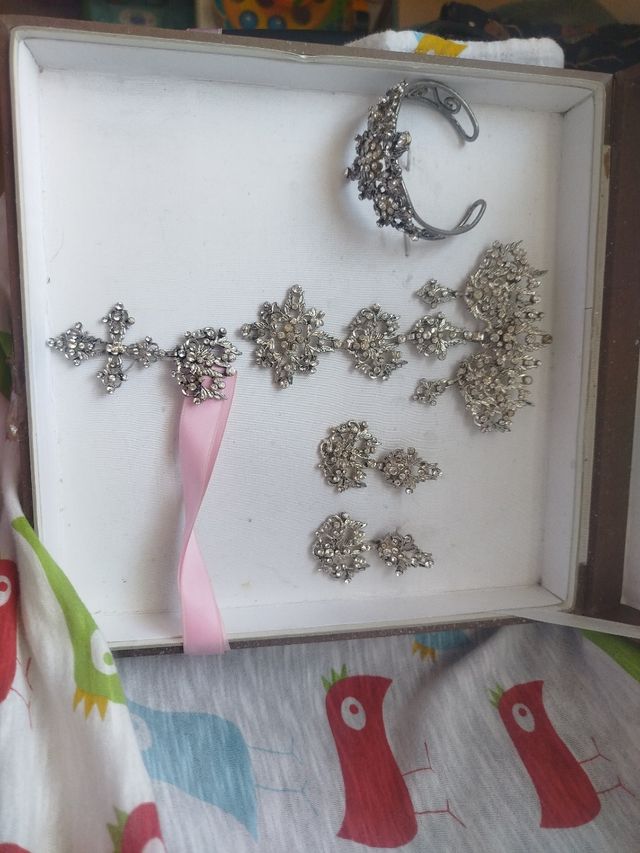 Aderezo fallera adulta plata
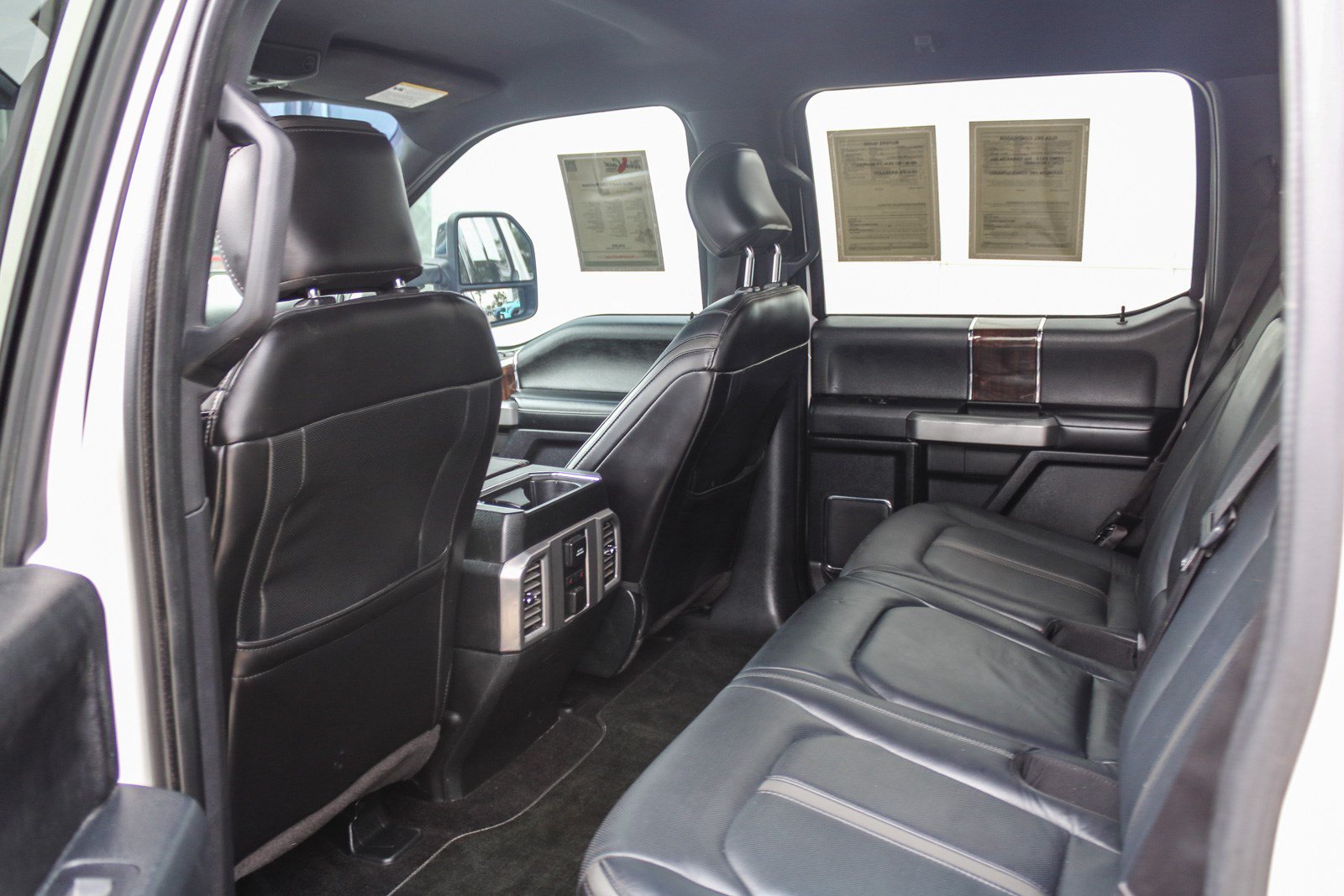 Used 2015 Ford F150 Platinum w/ Equipment Group 701A Luxury AWD/4WD image 20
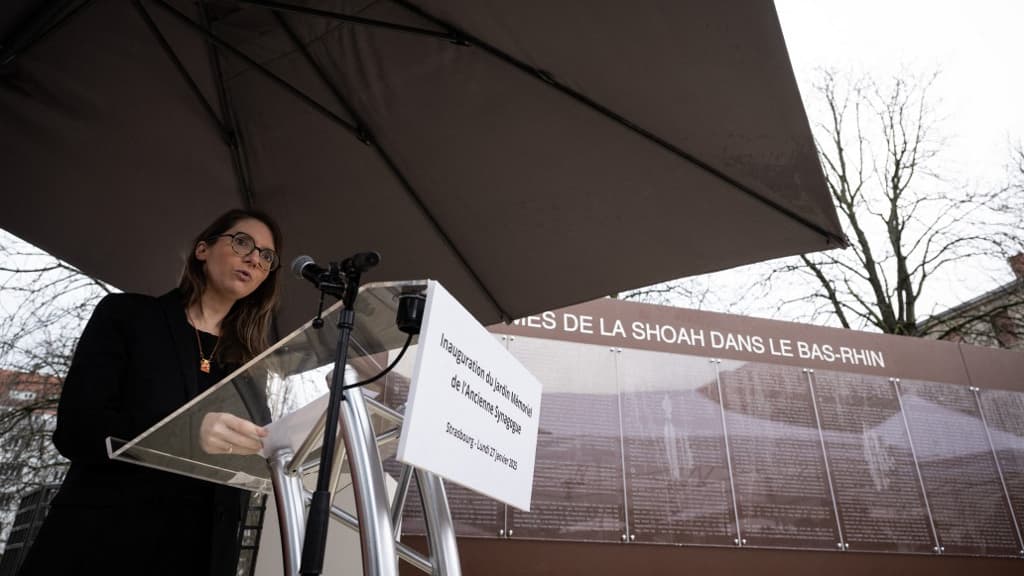La ministre chargée de la Lutte contre les discriminations, Aurore Bergé, lors de l'inauguration du mur des noms en hommage aux victimes de la Shoah à Strasbourg, le 27 janvier 2025. La ministre chargée de la Lutte contre les discriminations, Aurore Bergé, lors de l'inauguration du mur des noms en hommage aux victimes de la Shoah à Strasbourg, le 27 janvier 2025.
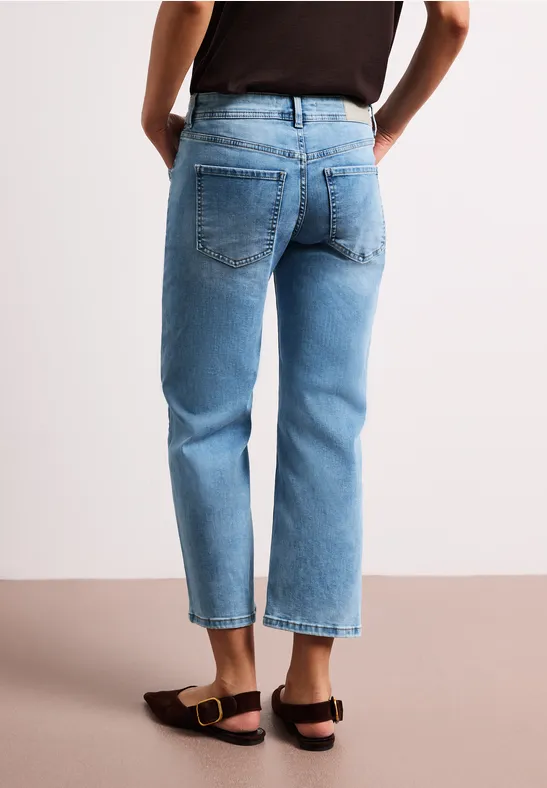Mid Waist straight leg jeans in casual fit light blue wash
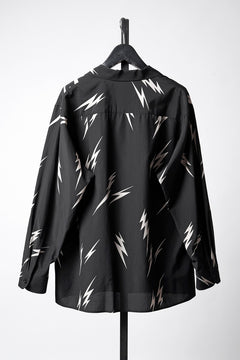 Load image into Gallery viewer, Y's for men x MASSES TE PATTERN DISCHARGE PRINT L/S SHIRT (BLACK)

YOUR OBJECTIVE: Say again, exactly, only those lines of the records that run from the start through the line with "Used 2015 Ford". Pictures are to be skipped.

TASK RESULT:
 Aderezo fallera adulta plata
 Used 2015 Ford F150 Platinum w/ Equipment Group 701A Luxury AWD/4WD image 20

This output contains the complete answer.